Financial resolutions: 2015
It's time for a real 2015 resolution - to be cannier about finances. Collectively, we waste billions – filing tax returns late, leaving too much cash in zero interest accounts and ignoring "use it or lose it" tax benefits.
No one can foresee the future – especially financial matters – other than to forecast that the vast majority of New Year 2015 predictions will fall flat. A few will be right, but probably from luck rather than judgement.
But while this article cannot tell you what to buy and sell - besides regulatory constraints, everyone is different - here's some ideas to put your finances in good order for the coming year.
- Make a list of where you are financially and resolve to update it every three months. Include the value of pensions, ISAs, (Individual Savings Accounts) savings, stocks and shares but also mortgages, credit card and other debts. What about bank accounts you never use? Do you remember why an investment was a '"good idea"? And is that still such a clever notion?

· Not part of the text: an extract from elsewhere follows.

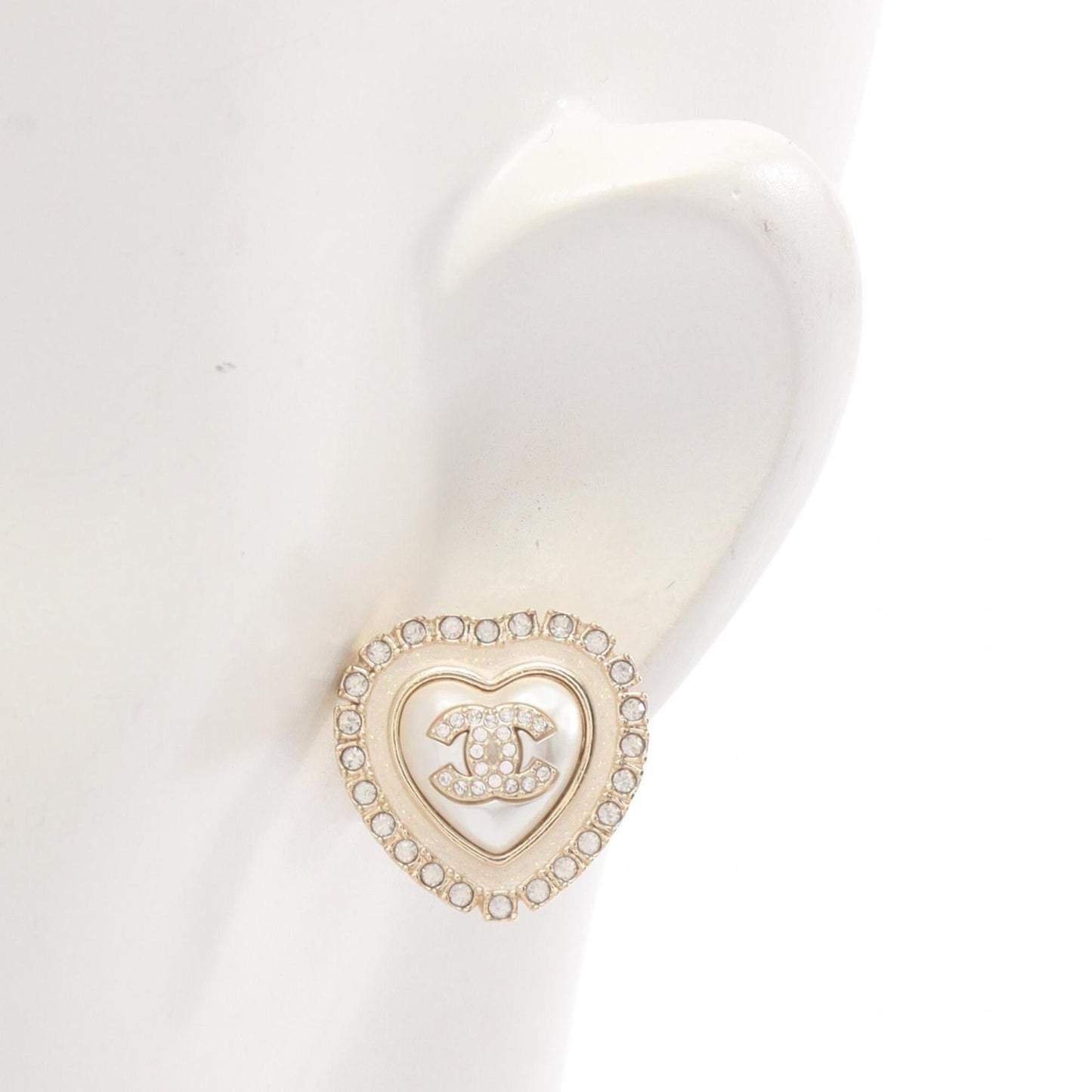 CC Logo Heart Earrings Metal Gold-Tone Metal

- Check if you can afford to pay off loans. Interest rates at historic low levels can't go down, so the only change is up. Experts have predicted rises for some years including 2015 – and have been proved wrong – but when, one day, they do go up, rates on savings will not go up to match that (they never have). You will always save by using spare cash bank to cut home and other loans.
- Take advantage of tax free ISAs. They're more flexible than ever – you can now switch from stocks and shares to cash – and not just vice versa. They're also more generous – the allowance up to 6 April is £15,000 per person – after that it goes up to £15,240. But it's a "use it or lose it" benefit.

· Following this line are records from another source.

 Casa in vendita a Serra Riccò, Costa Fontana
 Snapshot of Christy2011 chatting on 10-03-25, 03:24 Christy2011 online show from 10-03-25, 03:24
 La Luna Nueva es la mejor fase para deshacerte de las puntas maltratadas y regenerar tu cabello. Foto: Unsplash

- Capital gains tax allowance is also "use it or lose it". But most people, even those with substantial assets ignore this. Up to 6 April, everyone can sell assets whose value has grown by up to £11,000 without paying capital gains tax. That's worth up to £3,080 in cash terms – double that for a married/civil partnership couple. The allowance goes up to £11,100 on 6 April but it's then too late to use the £11,000 from this tax year.
- Consider unit and investment trust monthly savings plans. They are a good discipline – and you don't have to worry about “is this the best time?” You can invest monthly into an ISA.

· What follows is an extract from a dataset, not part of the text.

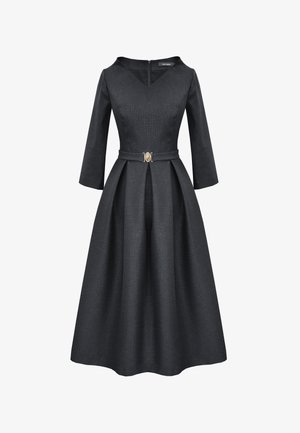 Czarna, teksturowana sukienka w kształcie litery A z rękawami do trzech czwarte, dekoltem w serek oraz paskiem z błyszczącym metalowym akcentem w talii.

- Earning a little over £50,000 or £100,000, can affect the financial benefits your see. Child benefit starts to disappear if one parent earns over £50,000 while the personal income tax allowance erodes once you earn £100,000.
- April sees the biggest ever changes to personal pensions. Out go rules forcing most people to buy an annuity (income for life). From 6 April, there's pension pot freedom – it could be an annuity (income for life) or it could all go on a second home or anything in-between. Most pension providers have yet to announce how they will turn this freedom into practical reality. But this is not just about people close to retirement. Those still decades away can gain with a fresh look at pension plans. This can be complex so you might prefer to consult an independent financial adviser. None of this applies if you are in an employer final salary plans.
You will always save by using spare cash bank to cut home and other loans.
Resolve to treat media finance stories with a pinch of salt. They are little help with long-term planning for your home, your pension or providing for children's education costs. Markets go up and down all the time - by the time you get to read these stories, it's nearly always too late or too expensive to act because professional speculators have skimmed off potential gains. The media need a constant diet of fresh sensation. You don't. Leaving well alone is often the best option.